• Instructions to follow: Once the images are removed, set down everything else in the listing below exactly.

• Collected data:

○ ○ ○ ○ ○ ○ ○

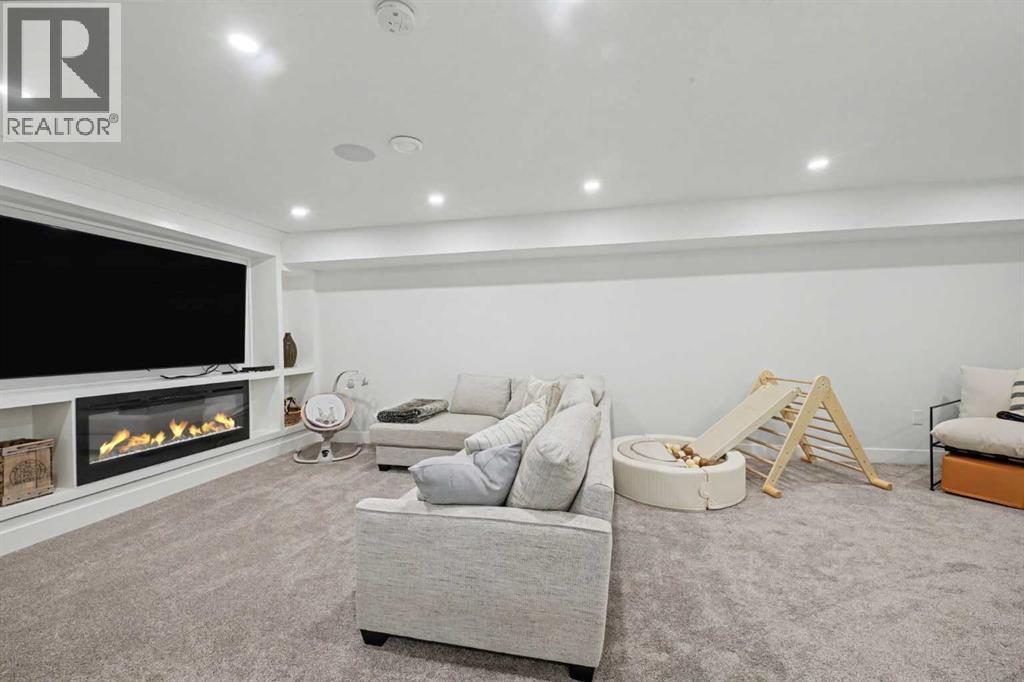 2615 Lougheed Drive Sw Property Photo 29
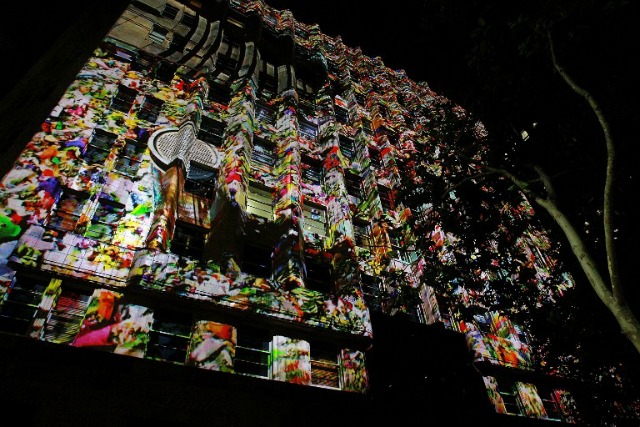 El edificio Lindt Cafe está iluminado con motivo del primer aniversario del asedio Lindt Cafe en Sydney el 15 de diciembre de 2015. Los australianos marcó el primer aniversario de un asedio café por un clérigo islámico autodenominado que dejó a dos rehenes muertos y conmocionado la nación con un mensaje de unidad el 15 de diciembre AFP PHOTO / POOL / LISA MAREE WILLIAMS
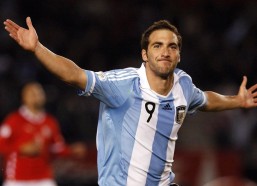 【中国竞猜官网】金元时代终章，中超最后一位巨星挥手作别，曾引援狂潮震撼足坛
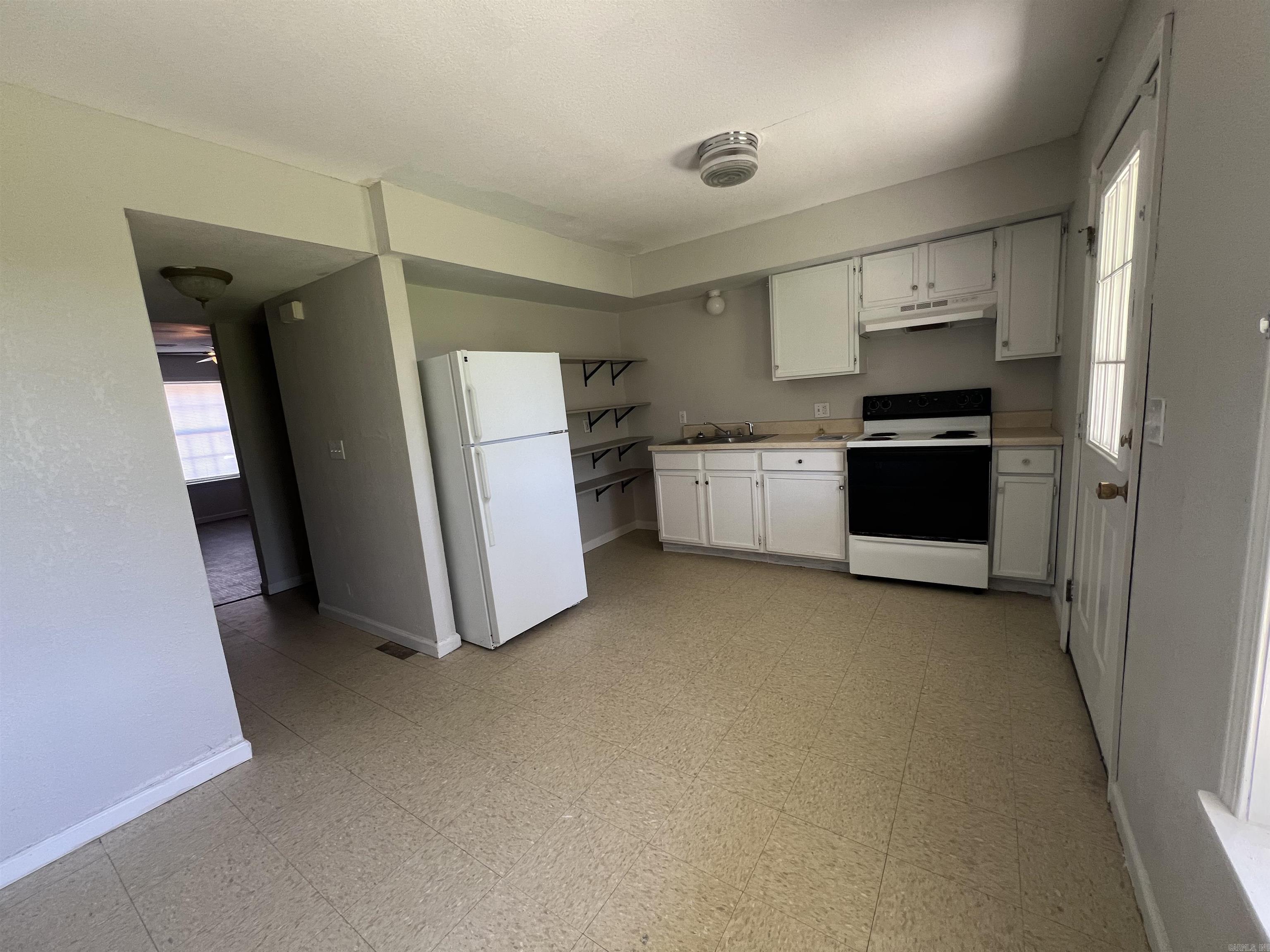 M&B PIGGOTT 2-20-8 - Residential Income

○ ○ ○ ○ ○ ○ ○

• Response:
 2615 Lougheed Drive Sw Property Photo 29
 El edificio Lindt Cafe está iluminado con motivo del primer aniversario del asedio Lindt Cafe en Sydney el 15 de diciembre de 2015. Los australianos marcó el primer aniversario de un asedio café por un clérigo islámico autodenominado que dejó a dos rehenes muertos y conmocionado la nación con un mensaje de unidad el 15 de diciembre AFP PHOTO / POOL / LISA MAREE WILLIAMS
 【中国竞猜官网】金元时代终章，中超最后一位巨星挥手作别，曾引援狂潮震撼足坛
 M&B PIGGOTT 2-20-8 - Residential Income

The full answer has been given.